In response to contractual fluctuations, designers also employ skills in related areas. Typically this will include a range of craft skills in drafting, drawing, model making, costume maintenance, and finishing, set construction and finishing, props buying, making and finishing and scenic art. Dependent on the designers skill-set, they may also work as assistant stage managers, assistant directors and assistant lighting designers. Use of website portfolios and online networking are increasingly used as a means to maintain an industry presence and build profile. Proactive ongoing engagement in the industry is essential for success.
Graduates are employed in all sectors of performing arts, entertainment and other creative industries including theatre, opera and dance companies, film and TV productions, arts centres, festivals and arts events, sports and tourism events, conventions and corporate theatre, museums, theme parks and other tourism linked entertainment. Many graduates also function as entrepreneurs generating cultural products independently.

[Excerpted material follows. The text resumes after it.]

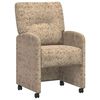 vidaXL Blagovačke stolice s kotačima 2 pcs Svjetlosiva 57 x 67 x 95 cm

Designers frequently specialise in one or a number of areas. These include Set Design Costume Design, Props Design and Lighting Design. Some work in all areas.
The Set Designer creates the space and look of the physical elements, the Costume Designer creates the look of the characters, and the Props Designer creates the properties, hand properties furniture, set dressing, and special effects elements for a production based on collaboration with the Director and technical and manufacturing crew.
The four main growth areas for employment of Live Designers in Australia are festivals, consumer created product, design driven performance and performance for the young. These are being driven by the adoption of open access festival models (Feast, Fringe, OzAsia, Festival, SALA), consumer generated product creation delivered via emerging digital media platforms (social web nets, ABC2), the international trend to design driven performance (WSD events, Scenofest, Design expos), and the professionalisation of performance for the young, including education (artist in schools, ASITIJ, IB Drama).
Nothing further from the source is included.